▶ _Problem requirements_:
Give back, word for word, only the lines from the opening of the records through the one with "ヘンリック ヴィブスコフ(HENRIK VIBSKOV)". Pictures stay out.

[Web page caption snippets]
◆ ◆ ◆ ◆

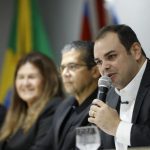 Roberto Cidade empossa novos defensores públicos no Amazonas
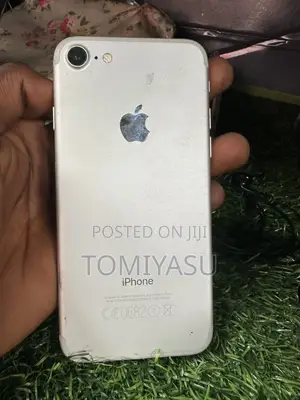 Apple iPhone 7 32 GB Black
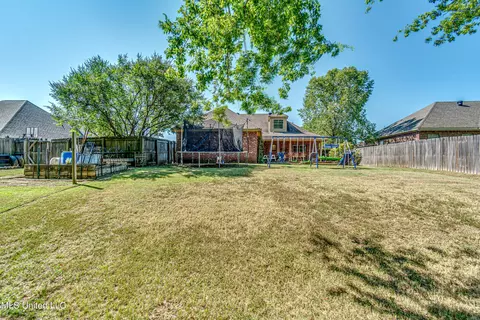 Exterior - 141 Bradfield Rd, Madison, MS 39110 photo 5 of 14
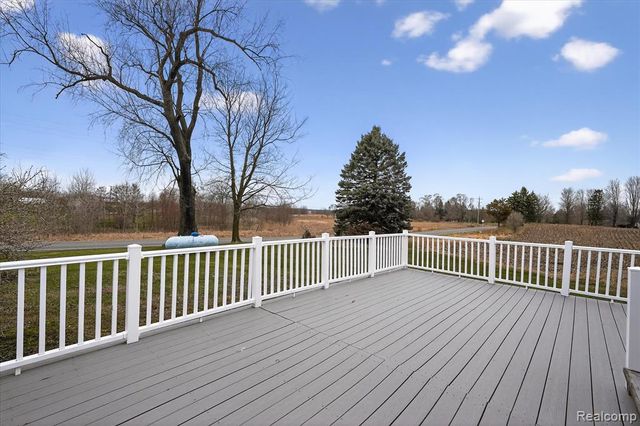 992 W Bennington Road, Owosso, MI 48867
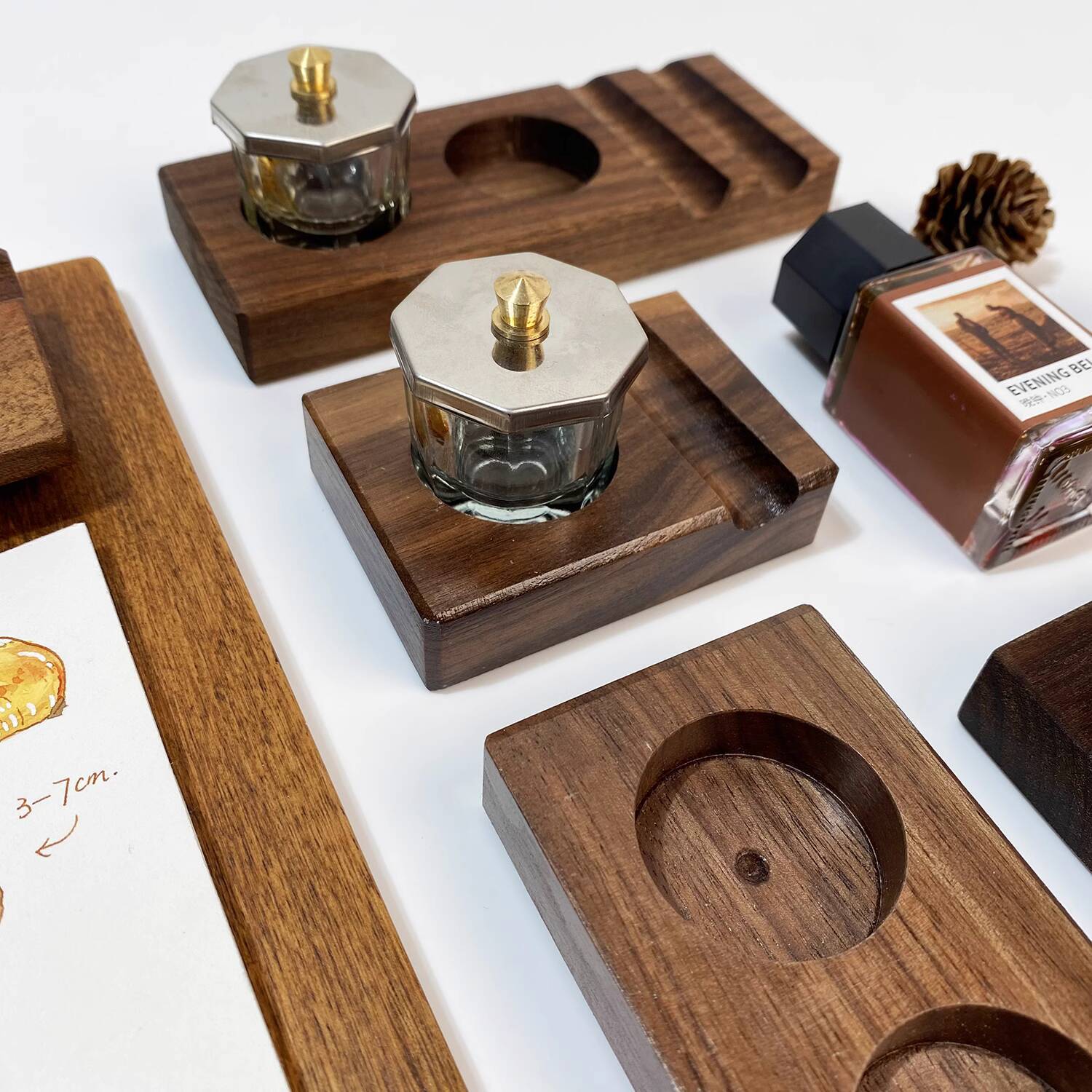 Tintenbasis, Stiftstütze, Holz – Calligraphy Ink Bottle Bewertung und Preis
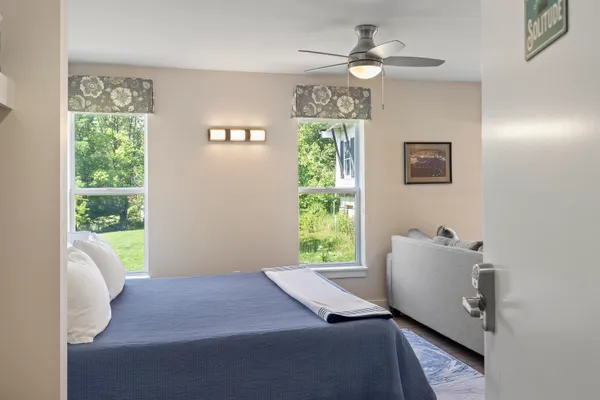 $895,000 | 8 Country Club Road, Boothbay, ME 04537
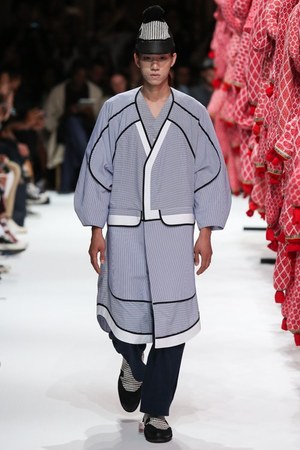 ヘンリック ヴィブスコフ(HENRIK VIBSKOV) 2017年春夏メンズコレクション  - 写真2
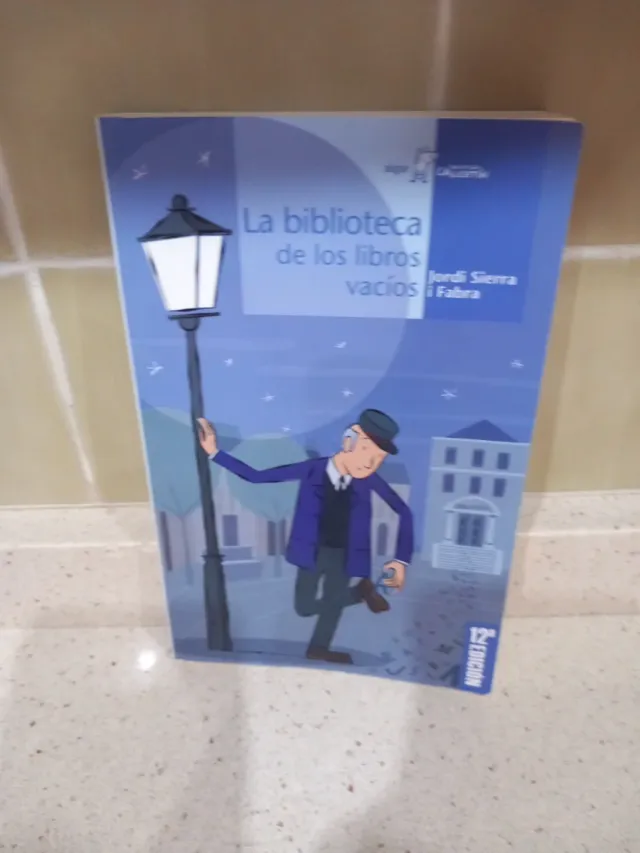 La biblioteca de los libros vacíos (Calcetin) (...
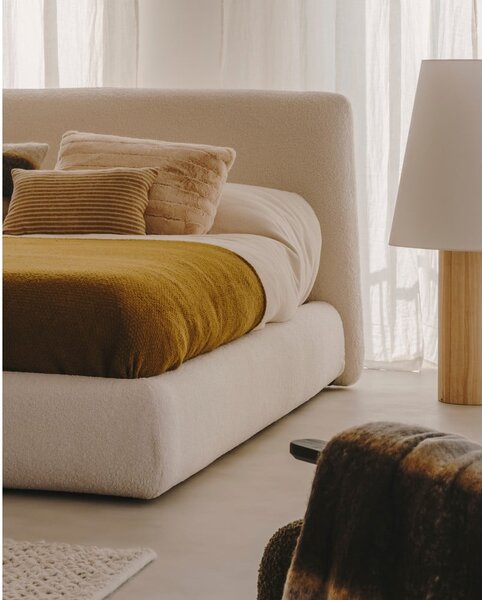 Bež tapecirani bračni krevet 160x200 cm Martina – Kave Home
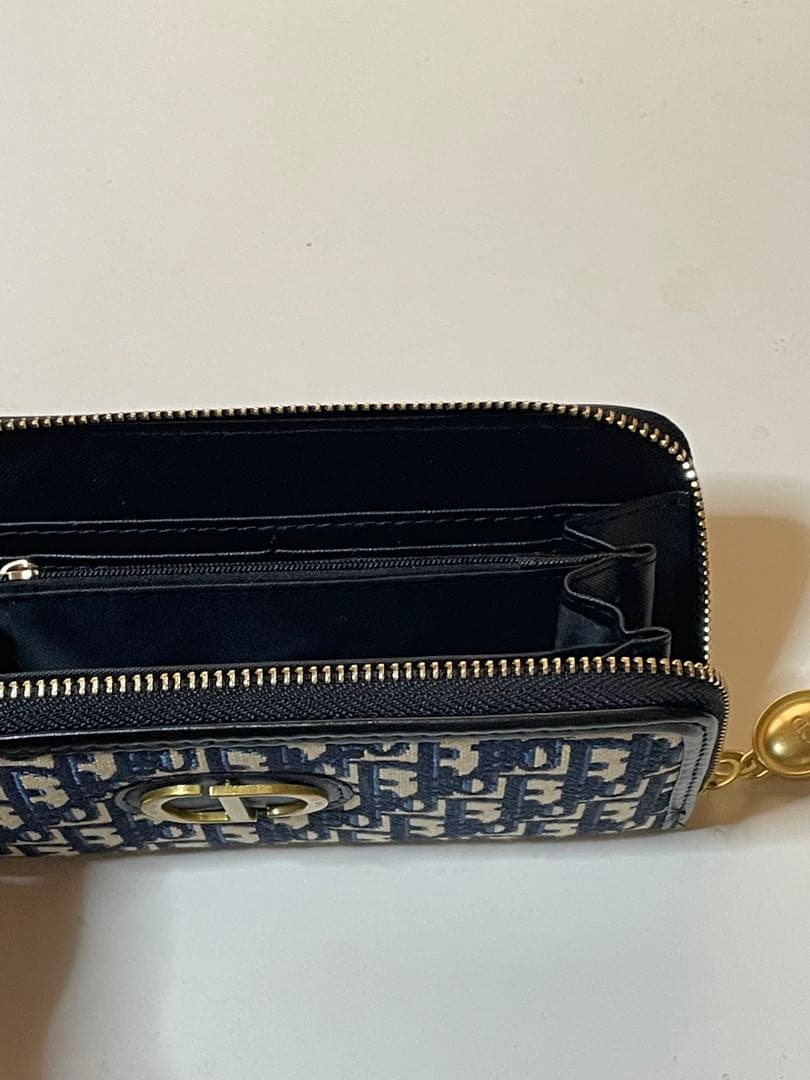 ぷ*ん様 クリスチャンディオール ノベルティ長財布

◆ ◆ ◆ ◆

▶ _Your solution_:
 Roberto Cidade empossa novos defensores públicos no Amazonas
 Apple iPhone 7 32 GB Black
 Exterior - 141 Bradfield Rd, Madison, MS 39110 photo 5 of 14
 992 W Bennington Road, Owosso, MI 48867
 Tintenbasis, Stiftstütze, Holz – Calligraphy Ink Bottle Bewertung und Preis
 $895,000 | 8 Country Club Road, Boothbay, ME 04537
 ヘンリック ヴィブスコフ(HENRIK VIBSKOV) 2017年春夏メンズコレクション  - 写真2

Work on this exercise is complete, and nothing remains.